Aujourd’hui, le trentenaire affiche un aplomb tout autre et assume seul sur scène ses vannes, baladant le public entre épisodes de la vie quotidienne ou professionnelle et allusions à ses origines. Un savoureux mélange qu’il distille dans son stand-up, A vendre(*).  » Je pars du principe que quand on est artiste, on est obligé de se vendre, explique-t-il pour justifier ce titre. Mais en même temps, on refuse d’être une marchandise. Il y a une vraie ambiguïté…  »

Comment est née cette envie de monter sur scène ?

Lorsque j’étais au collège Cardinal Mercier, à Braine l’Alleud, je suivais un cours d’art d’expression. J’étais très réservé et je me suis rendu compte que cette activité m’aidait à m’extérioriser. Plus tard, j’ai étudié les sciences-po deux ans à Louvain-la-Neuve, puis je suis entré à l’Ephec, pour suivre un cursus en commerce extérieur. Durant cette période universitaire, je faisais chaque année la revue et j’appréciais beaucoup d’écrire le spectacle, puis de jouer dedans. J’ai également fait de la figuration, notamment dans le téléfilm Le bébé d’Elsa. J’avais une seule réplique –  » On a réussi !  » -, je m’en souviens encore… Une fois diplômé, j’ai travaillé dans l’immobilier, dans le marketing, puis un jour, je me suis dit qu’il était temps de faire ce que j’aimais vraiment !

Les débuts ont été difficiles ?

J’ai commencé par enregistrer de petites capsules bricolées sur cassette, avec des potes, et à les montrer à droite, à gauche. Le hasard des rencontres m’a amené au Kings of Comedy Club, qui lance de jeunes humoristes, à Bruxelles. Ensuite, j’ai fait des premières parties et, en 2009, j’ai réalisé mon premier vrai spectacle, qui a tourné en Belgique et dans une petite salle parisienne, le Point-Virgule. En parallèle, j’ai commencé à travailler en radio pour LesEnfants de choeur, le dimanche matin sur Vivacité – et en télévision – dans Le Belge comme Eddy show, et désormais dans Le Grand Cactus, avec Jérôme de Warzée. L’équipe se connaît bien, c’est une véritable récréation à chaque fois !

Radio, télé, stand-up… Que préférez-vous ?

Jouer la comédie, quel que soit l’endroit ! J’apparais d’ailleurs dans quelques longs-métrages, comme Le tout nouveau testament de Jaco Van Dormael. Le cinéma, c’est ce qui me faisait vraiment vibrer étant petit et je trouve toujours génial de voir comment on peut transmettre les détails d’un récit avec des musiques, des plans variés…

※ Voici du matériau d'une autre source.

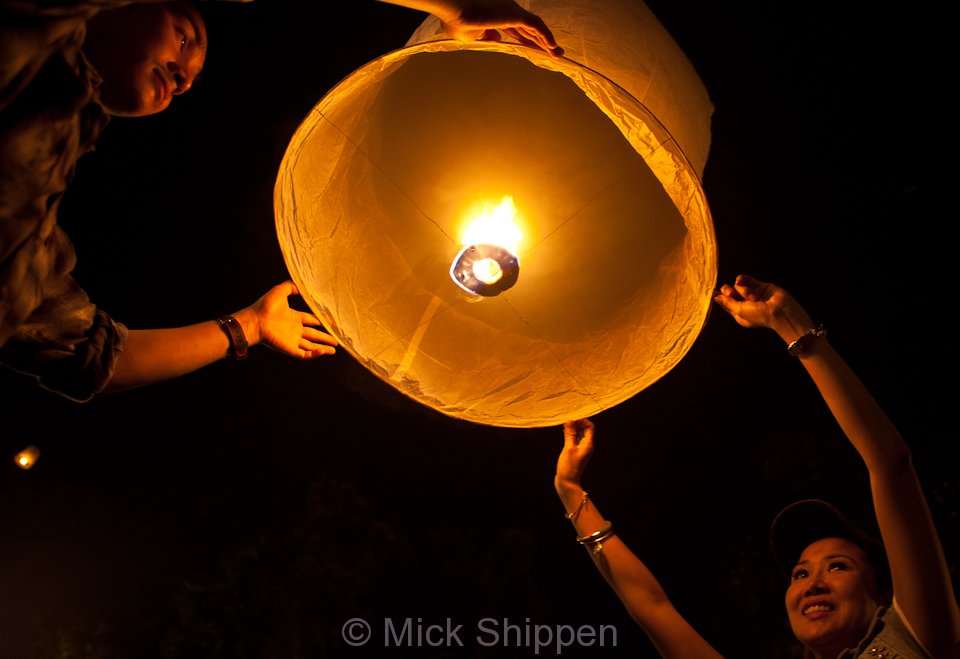 loy-kratong-2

Pour en venir à vos origines, gardez-vous des liens avec ce pays où vous n’avez finalement pas vraiment vécu ?

J’ai la chance d’être ambassadeur du festival du rire Toseka, qui a eu lieu à Kinshasa, et dans ce cadre, j’y ai coaché un groupe de jeunes humoristes, l’été dernier. J’ai fait quatre aller-retour pour préparer tout cela.

L’humour est un genre qui a du succès là-bas ?

Il y a une tradition télévisée qui s’appelle  » le théâtre de chez nous  » ; c’est une sorte de sitcom qui plaît surtout à l’ancienne génération. Maintenant, avec le développement des technologies, les jeunes ont accès à autre chose et à ce qui se fait en Europe. Ils regardent Gad Elmaleh, Jamel… et ça fait naître des envies. Pour eux, la perspective de vivre de ça n’est certes pas évidente, il y a peu de structures pour les aider à se lancer, mais des artistes émergent néanmoins. J’ai partagé des choses très fortes pendant ce festival et j’ai donné de l’espoir à des gens qui rêvent de faire le même métier que moi. Je leur ai montré que ça pouvait être un vrai job. Et je leur ai démontré qu’ils avaient de chouettes histoires à raconter et que leur message pouvait atteindre un public, en France, en Belgique, ou même dans le reste de l’Afrique. Un des participants a pu aller ensuite au festival du rire de Marrakech. On a essayé de les faire venir ici mais ils n’ont pas eu leur visa…

Peut-on rire de tout à Kinshasa ?

C’est vrai qu’il y a certains sujets à éviter pour ne pas passer quelques jours à l’ombre. Mais en réalité, c’est la même chose partout : on peut rire de tout mais ça dépend avec qui. Si je fais un sketch devant le Ku Klux Klan aux Etats-Unis, ils se marreront, mais je pense que ce sera plus de moi qu’avec moi…

Chez nous, avez-vous beaucoup de contact avec la communauté congolaise ?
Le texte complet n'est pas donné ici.